### Your objective
The lines you return should be those containing the string "Sports", taken from the data below.

### Records supplied
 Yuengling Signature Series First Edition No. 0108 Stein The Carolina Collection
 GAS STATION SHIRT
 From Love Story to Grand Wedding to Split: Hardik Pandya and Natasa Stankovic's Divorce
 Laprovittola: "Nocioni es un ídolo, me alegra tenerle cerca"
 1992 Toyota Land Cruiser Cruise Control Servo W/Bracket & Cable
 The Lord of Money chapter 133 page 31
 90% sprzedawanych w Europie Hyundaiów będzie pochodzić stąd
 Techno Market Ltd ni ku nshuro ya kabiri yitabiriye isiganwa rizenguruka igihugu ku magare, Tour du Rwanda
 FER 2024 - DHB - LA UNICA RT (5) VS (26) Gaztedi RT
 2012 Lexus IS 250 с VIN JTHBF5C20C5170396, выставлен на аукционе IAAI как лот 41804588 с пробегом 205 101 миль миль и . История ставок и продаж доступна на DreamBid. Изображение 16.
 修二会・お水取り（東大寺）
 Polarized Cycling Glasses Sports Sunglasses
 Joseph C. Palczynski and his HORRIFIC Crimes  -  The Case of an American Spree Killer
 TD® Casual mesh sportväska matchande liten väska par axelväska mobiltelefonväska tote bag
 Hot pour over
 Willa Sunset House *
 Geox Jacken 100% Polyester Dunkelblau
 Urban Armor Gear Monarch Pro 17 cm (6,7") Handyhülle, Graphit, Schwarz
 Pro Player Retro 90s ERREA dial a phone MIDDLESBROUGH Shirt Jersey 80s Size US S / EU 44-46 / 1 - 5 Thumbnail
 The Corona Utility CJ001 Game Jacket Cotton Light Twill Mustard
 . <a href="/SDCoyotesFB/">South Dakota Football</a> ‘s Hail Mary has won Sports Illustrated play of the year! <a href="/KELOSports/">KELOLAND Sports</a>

### Answer to this task
 Polarized Cycling Glasses Sports Sunglasses
 . <a href="/SDCoyotesFB/">South Dakota Football</a> ‘s Hail Mary has won Sports Illustrated play of the year! <a href="/KELOSports/">KELOLAND Sports</a>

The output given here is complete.